▶ **EXERCISE INSTRUCTIONS**
Take the line containing "2017 Cadillac XT5 Luxury AWD" and all lines after it, through the end of the material, and repeat them exactly, pictures left out.
(TASK DATA Opens)
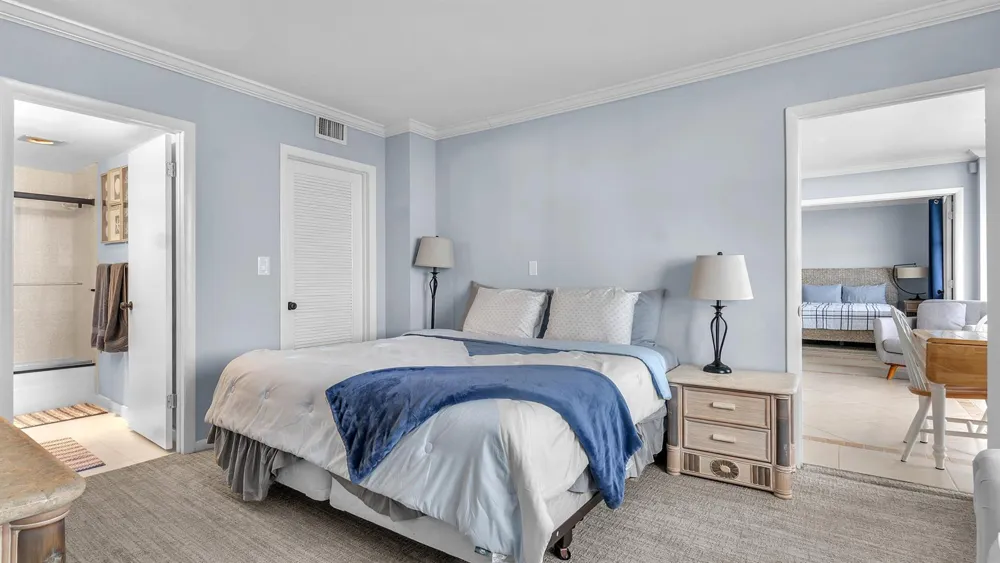 1801 S FLAGLER DRIVE #1804 West Palm Beach, FL 33401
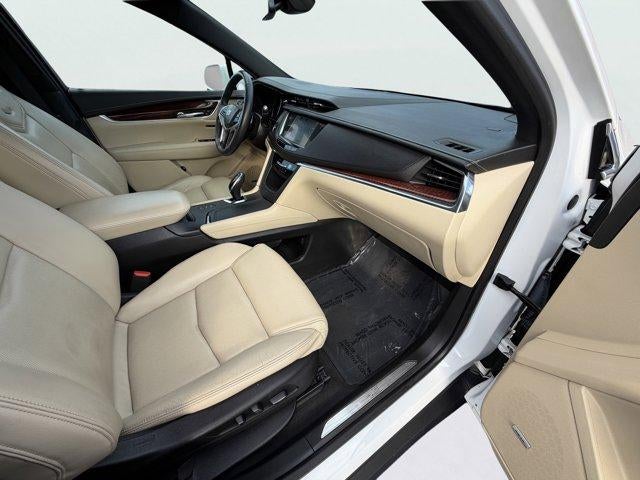 2017 Cadillac XT5 Luxury AWD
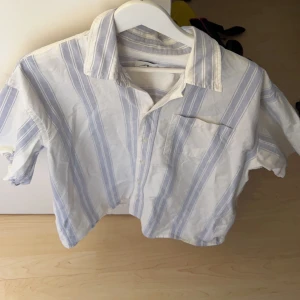  oversize skjorta - säljar nu min oversize skjorta då den är för liten, använd fåtal gånger skick 9/10 storlek M kan mötas upp eller frakta vid mer frågor är de bara att fråga 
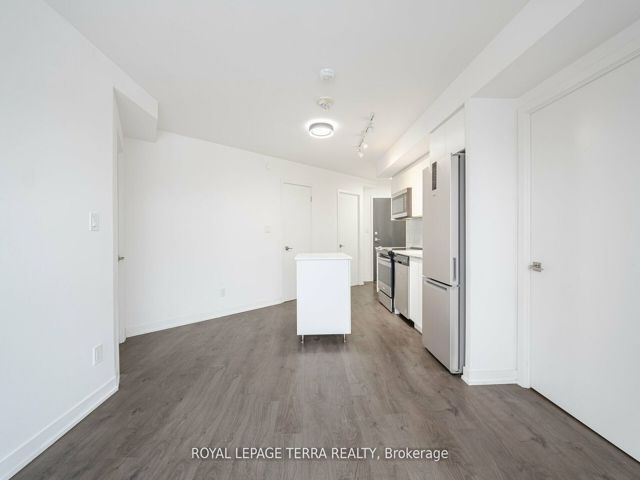 208 - 1401 O'Connor Dr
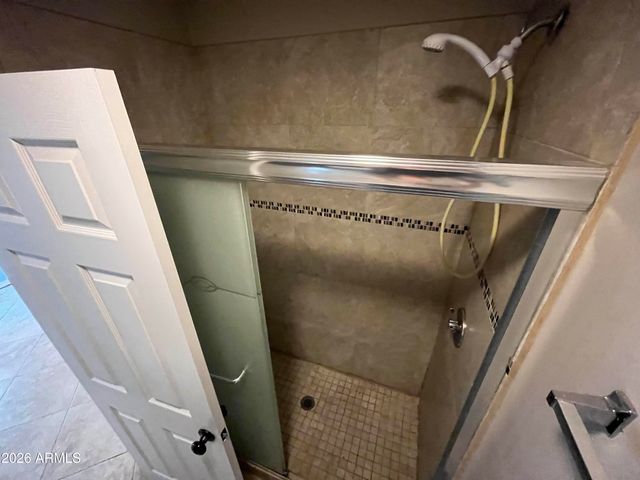 1617 E Oak Street, Phoenix, AZ 85006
(TASK DATA Closes)
▶ **FINISHED TASK**
 2017 Cadillac XT5 Luxury AWD
  oversize skjorta - säljar nu min oversize skjorta då den är för liten, använd fåtal gånger skick 9/10 storlek M kan mötas upp eller frakta vid mer frågor är de bara att fråga 
 208 - 1401 O'Connor Dr
 1617 E Oak Street, Phoenix, AZ 85006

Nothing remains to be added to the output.